JAKARTA – Inflasi di Provinsi Sulawesi Utara melonjak tajam pada Maret 2025, dipicu oleh berakhirnya program diskon 50 persen tarif listrik yang berlaku selama dua bulan sebelumnya. Kenaikan ini menjadi salah satu penyumbang utama inflasi secara nasional, dengan angka inflasi bulan-ke-bulan (month to month/m-to-m) mencapai 2,65 persen, menjadikan Sulawesi Utara masuk dalam tiga besar provinsi dengan tingkat inflasi tertinggi di Indonesia pada bulan tersebut, Rabu, 9 April 2025.
Berdasarkan data resmi dari Badan Pusat Statistik (BPS) Provinsi Sulawesi Utara, komoditas energi, terutama tarif listrik, menjadi faktor dominan yang mendorong lonjakan indeks harga konsumen (IHK) di wilayah tersebut.
Tarif Listrik Sumbang Andil Tertinggi Inflasi
Kepala Bagian Umum BPS Provinsi Sulawesi Utara, Bhayu Prabowo, menjelaskan bahwa tarif listrik menyumbang andil inflasi sebesar 1,4 persen, menjadikannya sebagai komoditas penyumbang inflasi tertinggi pada bulan Maret 2025.
Seperti diketahui, selama Januari dan Februari 2025, pemerintah memberikan diskon tarif listrik sebesar 50 persen sebagai bagian dari kebijakan stimulus untuk menjaga daya beli masyarakat. Namun, program tersebut tidak diperpanjang hingga Maret, sehingga tagihan listrik rumah tangga dan bisnis melonjak kembali ke tarif normal.

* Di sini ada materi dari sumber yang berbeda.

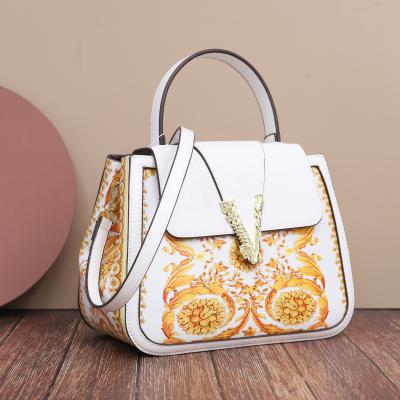 China 2021 fashion bags women handbags ladies good quality fashion PU shoulder bags printing designer ladies bags factory direct sales for sale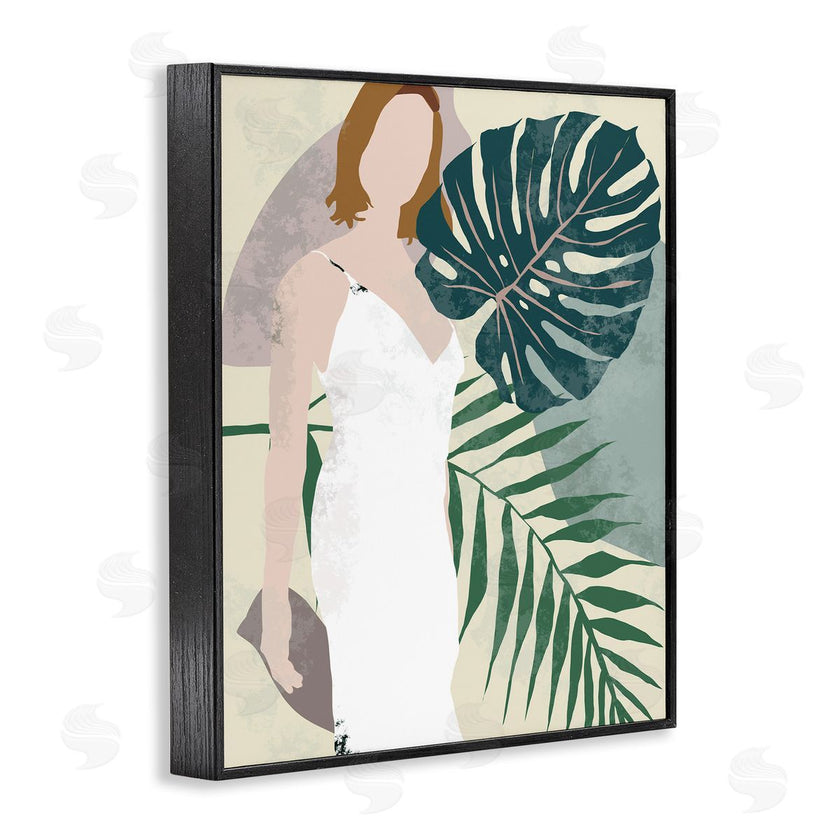 Melissa Wang | Woman with Tropical Palms Shaded Plants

Komoditas Pangan Juga Dorong Inflasi
Selain tarif listrik, sejumlah komoditas pangan turut berkontribusi terhadap kenaikan inflasi di Sulawesi Utara. Menurut data BPS, cabai rawit memberikan andil sebesar 0,26 persen, diikuti tomat sebesar 0,15 persen, serta ikan selar dan ikan cakalang masing-masing menyumbang 0,11 persen.

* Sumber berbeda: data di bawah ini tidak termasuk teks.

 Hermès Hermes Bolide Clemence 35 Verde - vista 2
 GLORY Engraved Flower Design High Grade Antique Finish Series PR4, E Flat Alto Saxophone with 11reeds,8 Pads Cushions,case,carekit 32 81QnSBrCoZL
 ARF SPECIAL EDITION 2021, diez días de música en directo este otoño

Kenaikan harga cabai dan tomat ini diduga disebabkan oleh berkurangnya pasokan akibat cuaca ekstrem dan gangguan distribusi dari daerah produsen. Sementara itu, naiknya harga ikan turut dipengaruhi oleh musim gelombang tinggi yang menyulitkan aktivitas nelayan di perairan Sulawesi Utara.

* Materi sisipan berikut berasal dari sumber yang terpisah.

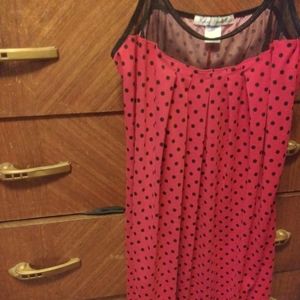 Red polka dot sleep wear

Daerah dengan Inflasi Tertinggi
Inflasi di Sulawesi Utara tidak merata, dengan beberapa daerah mencatatkan lonjakan harga yang lebih signifikan dibandingkan lainnya. BPS mencatat, Kota Kotamobagu menjadi daerah dengan inflasi tertinggi, mencapai 2,98 persen. Disusul oleh Kabupaten Minahasa Selatan (2,71 persen), Kabupaten Minahasa Utara (2,67 persen), dan Kota Manado (2,60 persen).
Peningkatan harga di daerah-daerah tersebut sebagian besar disebabkan oleh konsumsi rumah tangga yang tinggi pasca libur panjang dan peningkatan permintaan terhadap barang-barang pokok.
Daging Babi Jadi Penahan Inflasi
Menariknya, di tengah lonjakan harga kebutuhan pokok dan energi, beberapa komoditas justru memberikan andil negatif atau menahan laju inflasi. BPS menyebutkan bahwa daging babi menjadi komoditas penahan inflasi terbesar, dengan kontribusi menurunkan inflasi sebesar 0,07 persen.
Penurunan harga daging babi ini diperkirakan karena stok yang mencukupi serta berkurangnya permintaan pasca perayaan Tahun Baru Imlek yang biasanya meningkatkan konsumsi komoditas tersebut.
Dampak terhadap Ekonomi Regional
Kenaikan inflasi yang cukup tinggi ini berpotensi memberikan tekanan terhadap daya beli masyarakat, terutama golongan berpenghasilan rendah yang paling terdampak oleh kenaikan tarif listrik dan harga pangan. Pemerintah daerah diminta untuk segera melakukan langkah-langkah stabilisasi harga dan mengkaji ulang kebijakan subsidi untuk kelompok rentan.
Dengan inflasi yang cukup tinggi ini, para ekonom mengingatkan perlunya penguatan koordinasi antara pemerintah pusat dan daerah, khususnya dalam hal distribusi logistik dan pengendalian harga komoditas strategis.